Game 5 Rewind: Thunder Battles to the End
PORTLAND – Thirty-seven feet. 37. Over 13 feet behind the three-point line. Just inside and to the right of the Portland Trail Blazers logo, with the game clock winding down to nothing, Blazers guard Damian Lillard capped his historic 50-point night with the gut punch this game and series had earned: a 37-foot side-step three-pointer at the buzzer to finish off the Thunder’s 2018-19 season with a 4-1 first round series loss.
The final score of 118-115 took a winding road to arrive, but it landed with a splash as the red lights flashed from Lillard, capping a 13-3 closing run by Portland over the final 3:08 and an outrageous shooting performance from Lillard, who went 17-of-33 and made 10 three-pointers. None of Lillard’s makes came on catch and shoots. All of his shots were contested about as well as the Thunder could manage. It didn’t matter.
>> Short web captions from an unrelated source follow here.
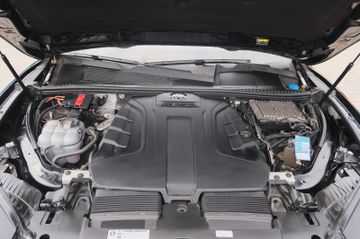 Volkswagen Touareg - 12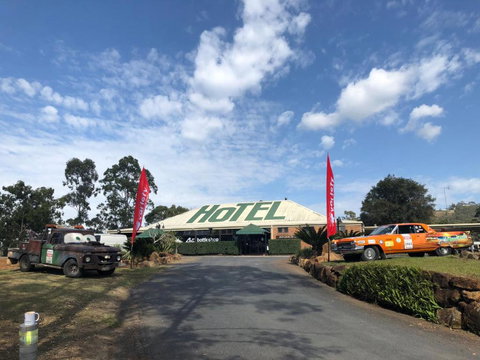 The Advancetown Hotel - Accommodation Newcastle 2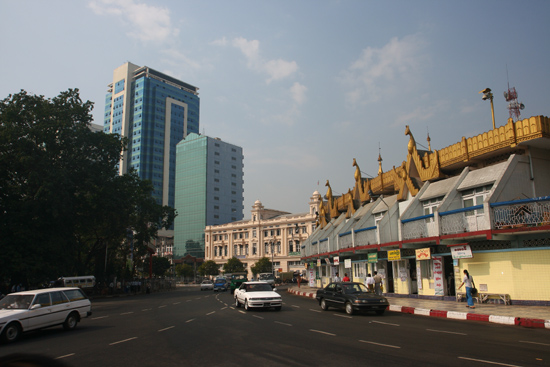 Yangon2 Rechts de Sule Paya Pagode   0300_4789.jpg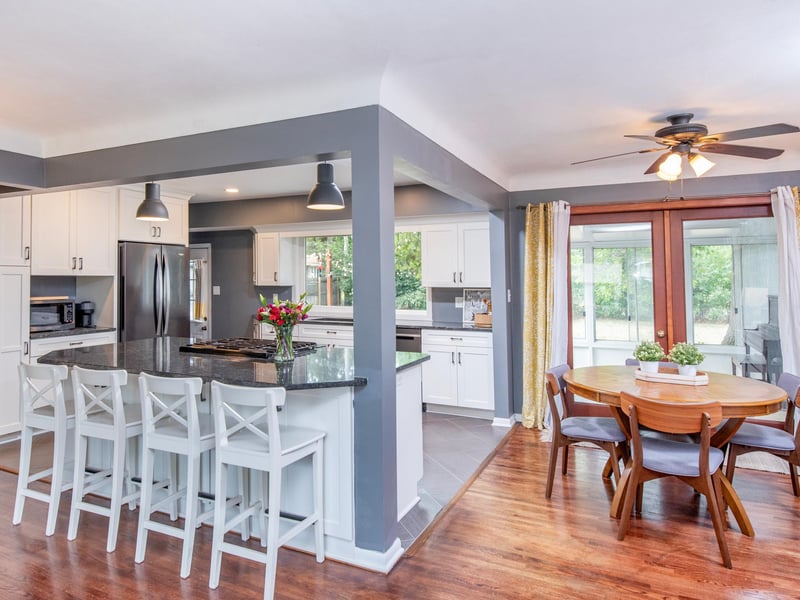 2084 Randy Ave, White Bear Lake, MN 55110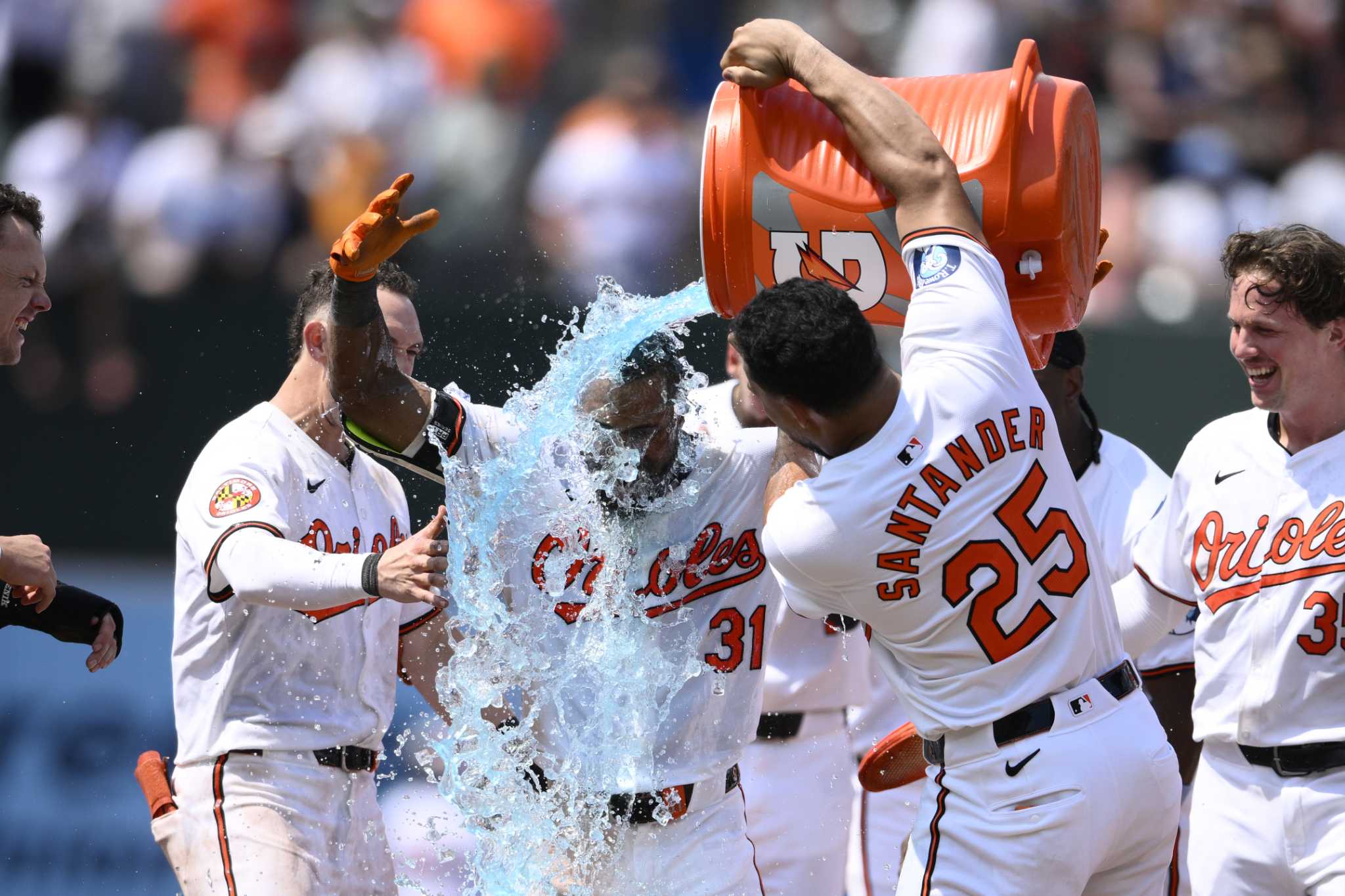 Yankees, Orioles both score 3 in the ninth. After all that chaos, Baltimore leads the division by 1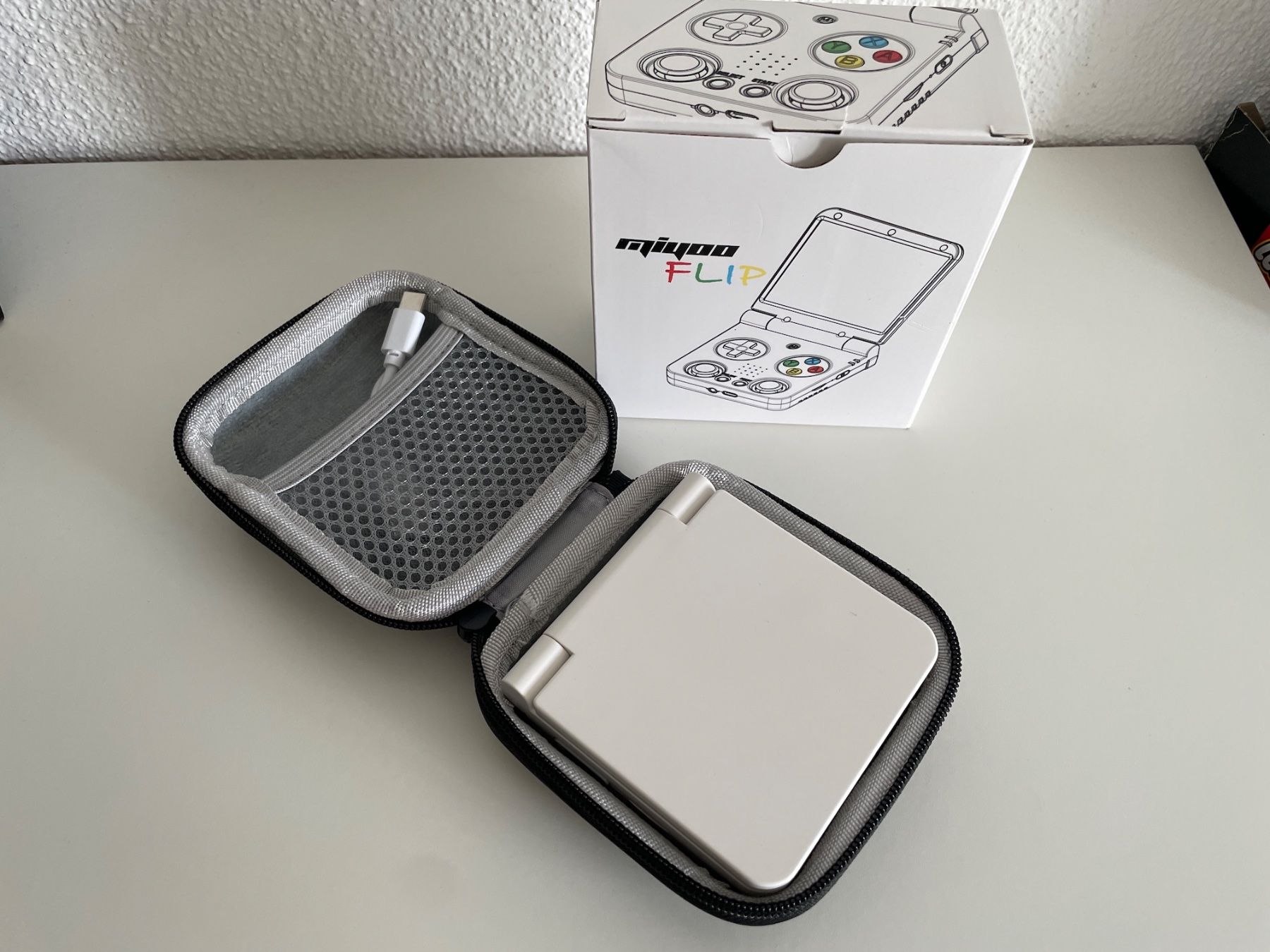 Konsolen: Miyoo Flip V2 weiss – Gebraucht aus Uster von cas_jjm6 1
“(Lillard) just made big shots. Tip my hat to the shots he made, tough ones."
“We gave a really, really good effort. He made some tough shots. You gotta give him credit,” said Thunder Head Coach Billy Donovan. “The night he had, the shots that he made epitomized the last shot of the game. Those are the kind of shots he made throughout the first half. Some of them were really well defended. We worked hard.”
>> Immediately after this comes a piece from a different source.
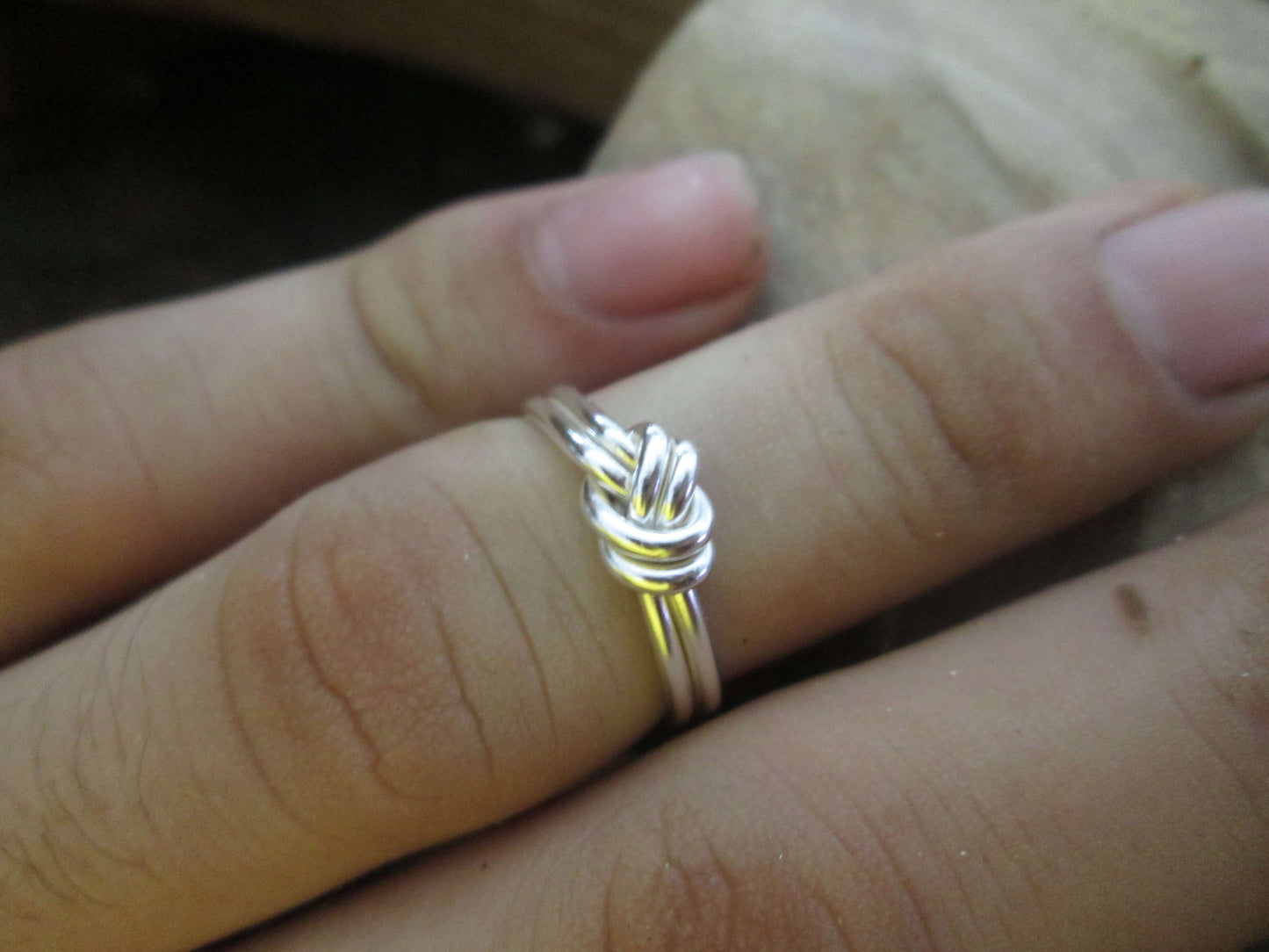 Anillo nudo color natural.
That hot shooting from the Blazers guard started right off the bat, but so did Thunder forward’s Paul George, who started the game 6-for-6 from the field and notched 20 first half points as the Thunder was a blistering 55.3 percent from the field. Lillard was a chore, however, as he scored an incredible 34 points in 24 first half minutes, mostly in isolation situations or while being trapped and always off of a few dribbles first. That type of shot-making has a high degree of difficulty, but the ball went through the net anyway.
“(Lillard) just made big shots. Tip my hat to the shots he made, tough ones. Contested, 35-plus-feet out, tough shots,” George said. “It was his night, he felt it, and knocked them down.”
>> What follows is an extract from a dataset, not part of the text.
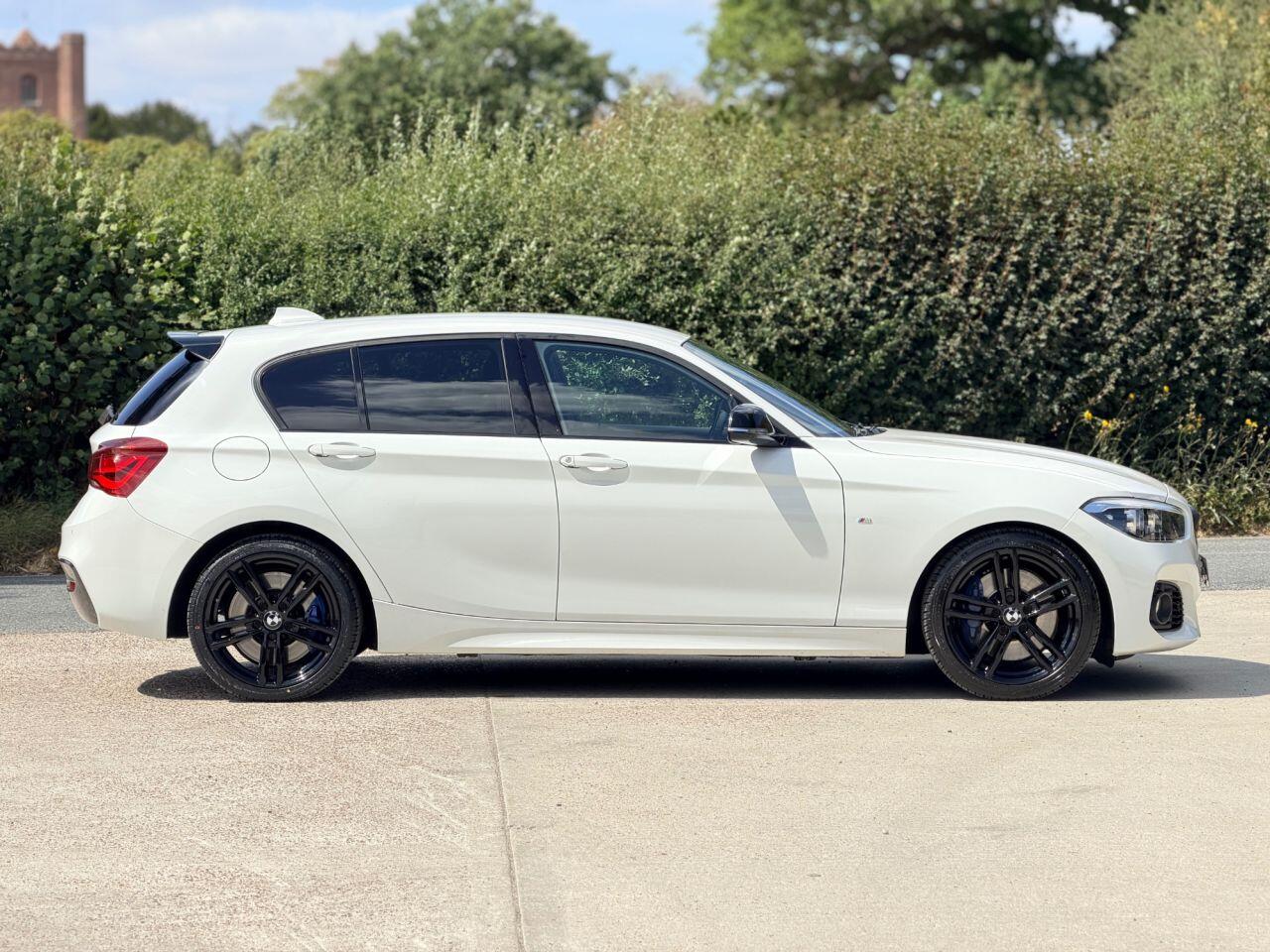 BMW 1 Series view 8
The Thunder utilized Jerami Grant to defend Portland’s Center Enes Kanter with Steven Adams on forward Maurice Harkless. The effect was an ability to switch on Lillard with Grant or trap him with Adams, denying Portland the ability to get rolls for baskets at the rim or drive and kick opportunities for Lillard. Portland’s other players besides Lillard started just 5-for-15 shooting from the field and didn’t catch much of a rhythm until the second half.
“Rotations were good, we were doing some real good contests. They made some tough shots, Lillard especially,” said Adams. “We stuck to the game plan for a lot of the time, and also our scramble situations were pretty good.”
Much like it did in Game 4, however, the momentum started to turn late in the second quarter. Once again, George was saddled with 3 fouls and this time had to miss the final 5:45 of the half. Portland pounced, using an 11-2 burst as the Thunder missed three consecutive shots over the final few minutes of the half to take a 61-57 lead. George re-entered for the final play of the half and buried a three at the buzzer to give the Thunder the last word heading into the break.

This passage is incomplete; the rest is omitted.